Principal pont entre les deux tomes du diptyque car présent sur les deux albums, La Vérité est une espèce menacée est le premier d’une série de textes qui rappellent le Jérôme Minière de Chez Herri Kopter (2004), loquace en commentaires incisifs. Du “bombardement d’informations qui s’élancent dans toutes les directions” à ces “écrans qui nous laissent sans refuge”, en passant par les selfies ou la société de l’image encouragée par les réseaux sociaux (dans Le Beau Vide), les premiers morceaux d’Une clairière fleurent tout de même le sermon.
Il suffira d’une pièce, la majestueuse La Beauté, pour ravaler l’amertume et redonner à l’époque le droit à la beauté, qui “n’a pas changé” et “prend toujours l’éternité”. Plus de neuf minutes de progression rock portée par un beat entêtant qui font basculer Une clairière dans des méandres de collages comparables à ce que Jérôme Minière avait offert à ses débuts chez Lithium dans La Nuit éclaire le jour qui suit en 1998.
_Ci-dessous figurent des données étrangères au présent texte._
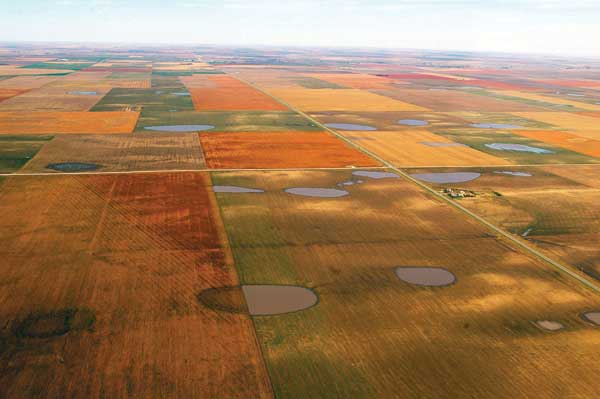 Aerial photo of playas; some green in fields but mostly oranges and browns; water seen in playas.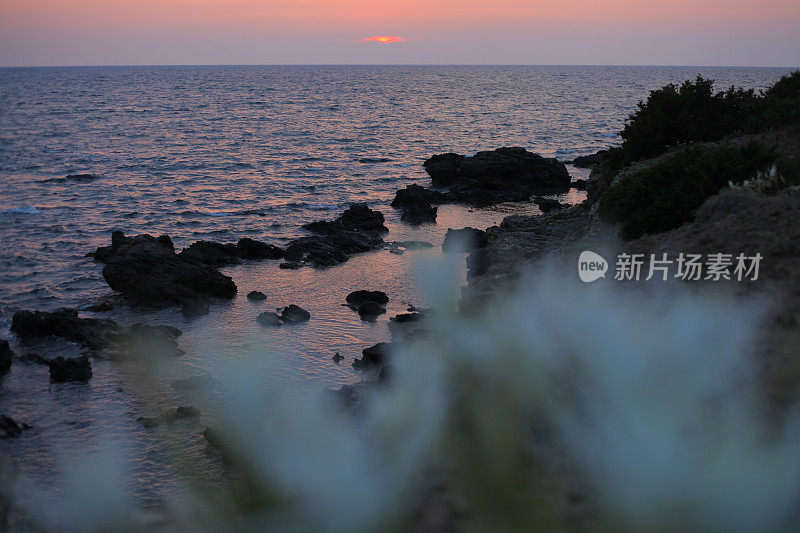 花海滩日落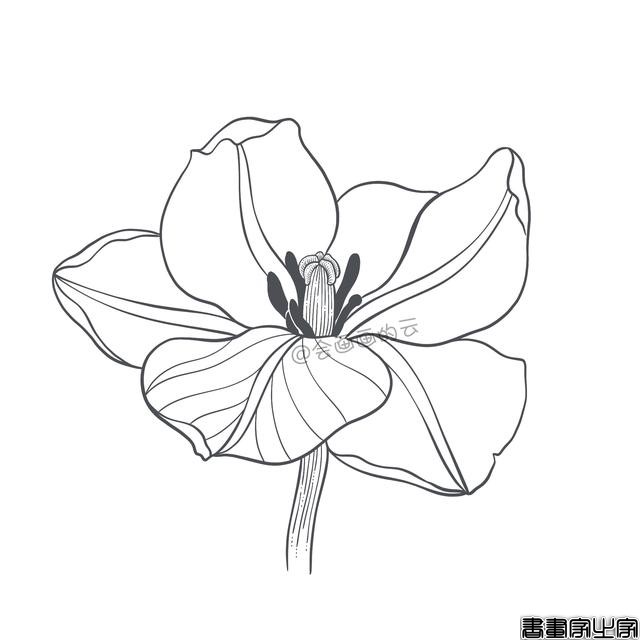手把手教你画简笔画，干货满满，3款花卉任你选-17.jpg
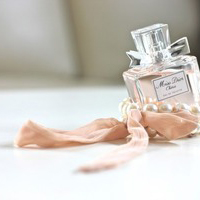 大学共青团员入党转正申请书党团材料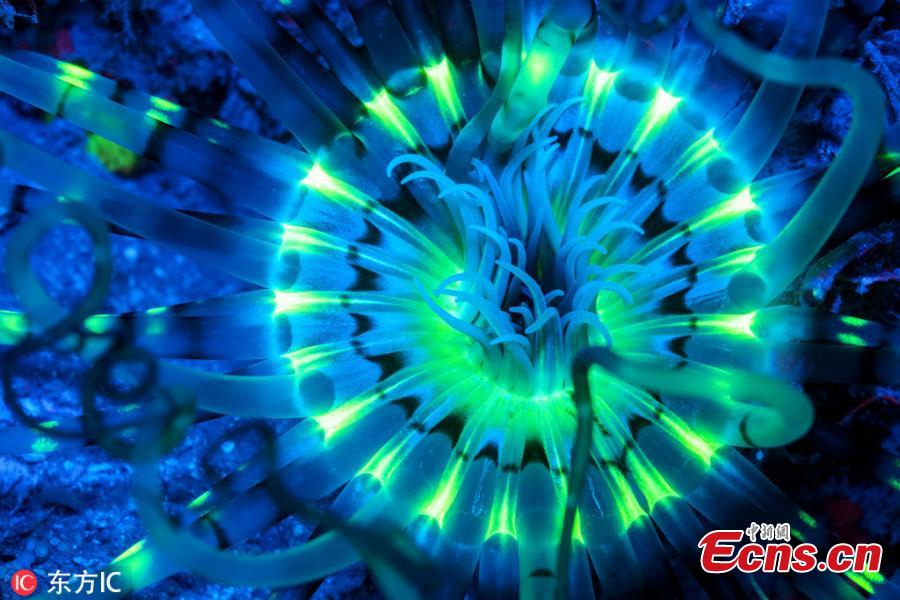 Photographer Simon Pierce, 39, took the images over several months after visiting both Nosy Sakatia in Madagascar and Mafia Island in Tanzania recently.He was thrilled to spot the biofluorescence creatures- which produce their own light-he managed to capture, including fireflies and glow worms. (Photo/IC)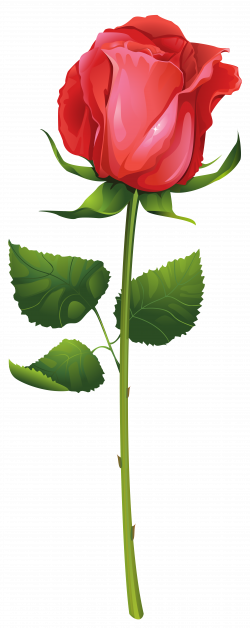 Rose with Stem PNG Clip Art Image | Gallery Yopriceville - High ...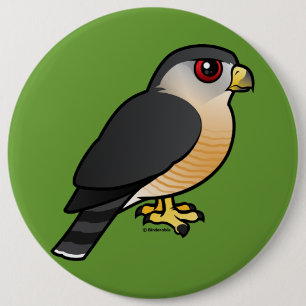 Sharp-shinned Hawk 6 Inch Round Button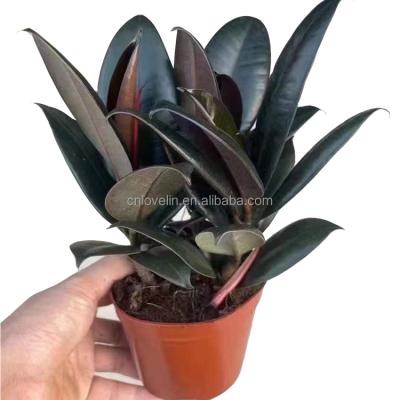 China Environmental friendly wholesale elaslica plants rubber tree ornamental ficus plants for home and garden for sale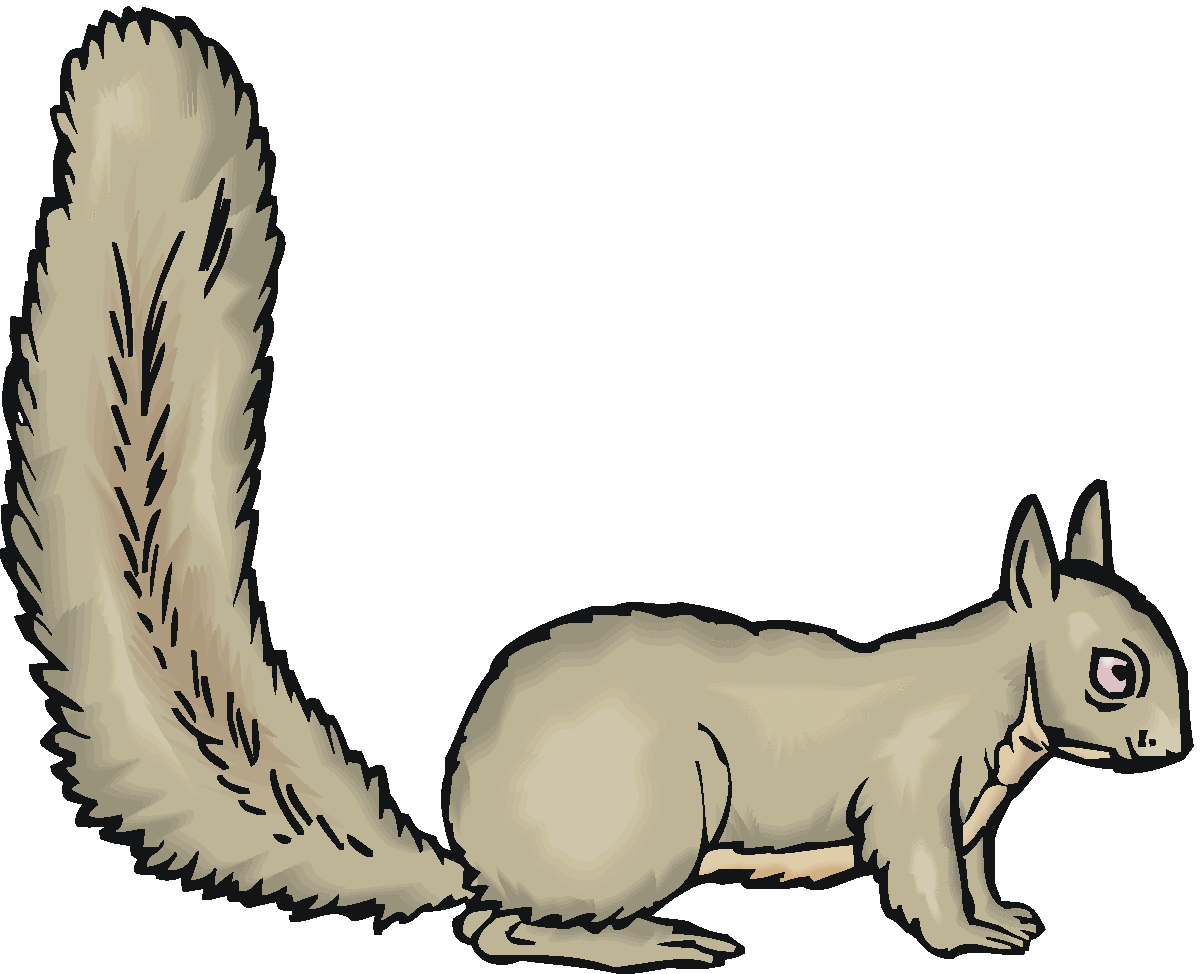 Images For > Cute Squirrel Clipart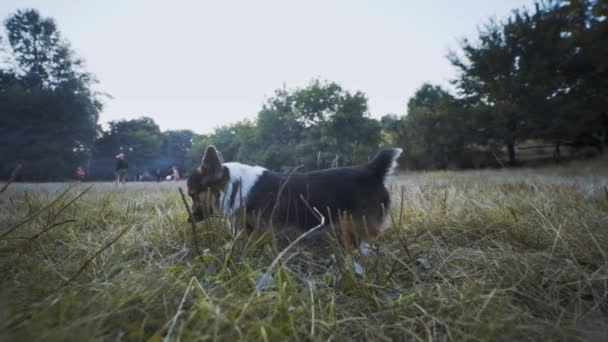 Lindo tricolor galés Corgi Pembroke perro caminando al aire libre en la hierba — Vídeos de Stock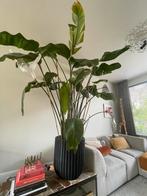 Grote strelitzia plant XL incl. pot, Huis en Inrichting, Kamerplanten, Ophalen, Halfschaduw, 200 cm of meer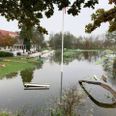 Krohave er druknet i vand.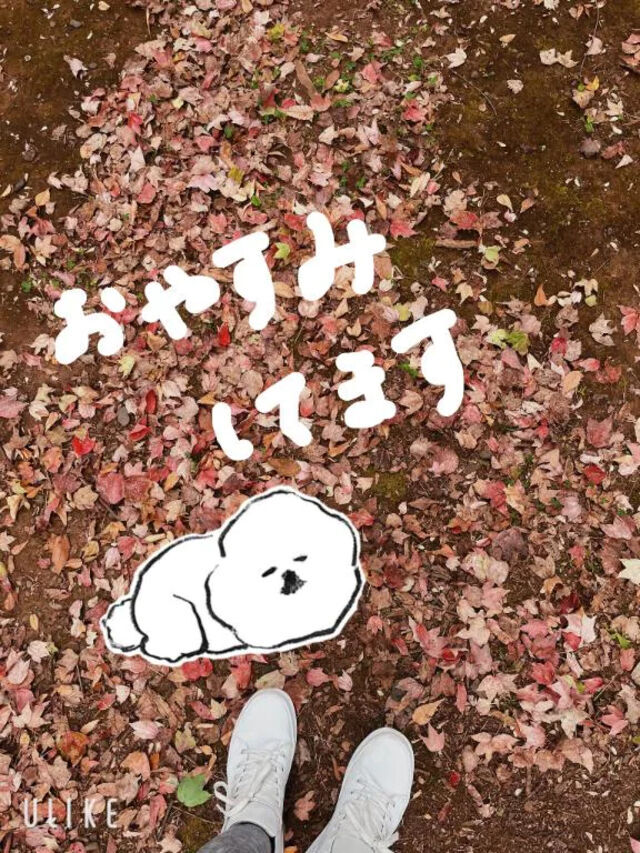 ちょっとおやすみ♡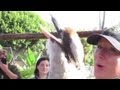 Distraction: Laughing kookaburra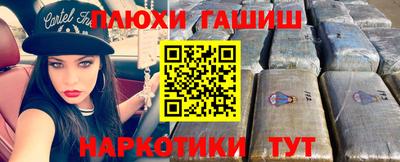 индика Можга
Aussi bien sur la mélodie enjouée d’un piano que quelques cordes viennent enrober de mélancolie (Cascades), que dans un puzzle de percussions singulières (La Somme des jours), le compositeur originaire d’Orléans continue de chanter comme un homme qui penserait à voix haute, pour proposer avec son nouvel album une œuvre d’un clair-obscur qu’on ne lui avait jamais connu jusqu’ici.